Eric, Dimanche, Janvier 11, 2004 - 12:22

Marc Bonhomme

Nous sommes dorénavant bien au fait de la panoplie des politiques adéquistes du gouvernement (néo)libéral québécois. En dresser la liste est devenu un triste sport national. Nous comprenons fort bien la stratégie à la Harris/Campbell de d'abord briser la résistance syndicale - tout en neutralisant le mouvement étudiant - pour ensuite imposer la privatisation.
Nous anticipons le même genre de coup de barre à droite de la part du gouvernement Martin après les très probables élections du (...)
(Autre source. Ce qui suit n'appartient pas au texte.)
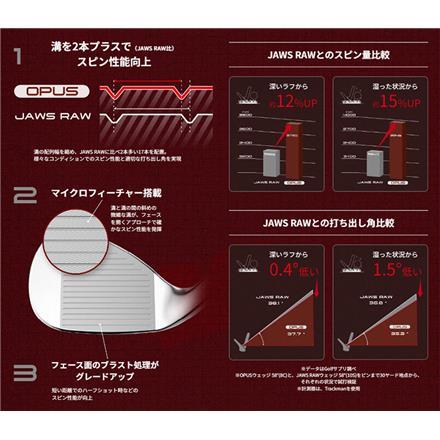 キャロウェイ OPUS クロム ウェッジ Dynamic Gold スチールシャフト Callaway オーパス ダイナミックゴールド 58度/12度/W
Nous sommes dorénavant bien au fait de la panoplie des politiques adéquistes du gouvernement (néo)libéral québécois. En dresser la liste est devenu un triste sport national. Nous comprenons fort bien la stratégie à la Harris/Campbell de d'abord briser la résistance syndicale - tout en neutralisant le mouvement étudiant - pour ensuite imposer la privatisation.

Nous anticipons le même genre de coup de barre à droite de la part du gouvernement Martin après les très probables élections du printemps. L'automne prochain, « si la tendance se maintient » comme disait l'autre, c'en sera rendu un triste sport fédéral d'en dresser la liste à l'avenant : contre-réformes de la fonction publique fédérale, explosion du lobbying, régime des pensions, dépenses militaires accrues, servilisme pro-étasusien…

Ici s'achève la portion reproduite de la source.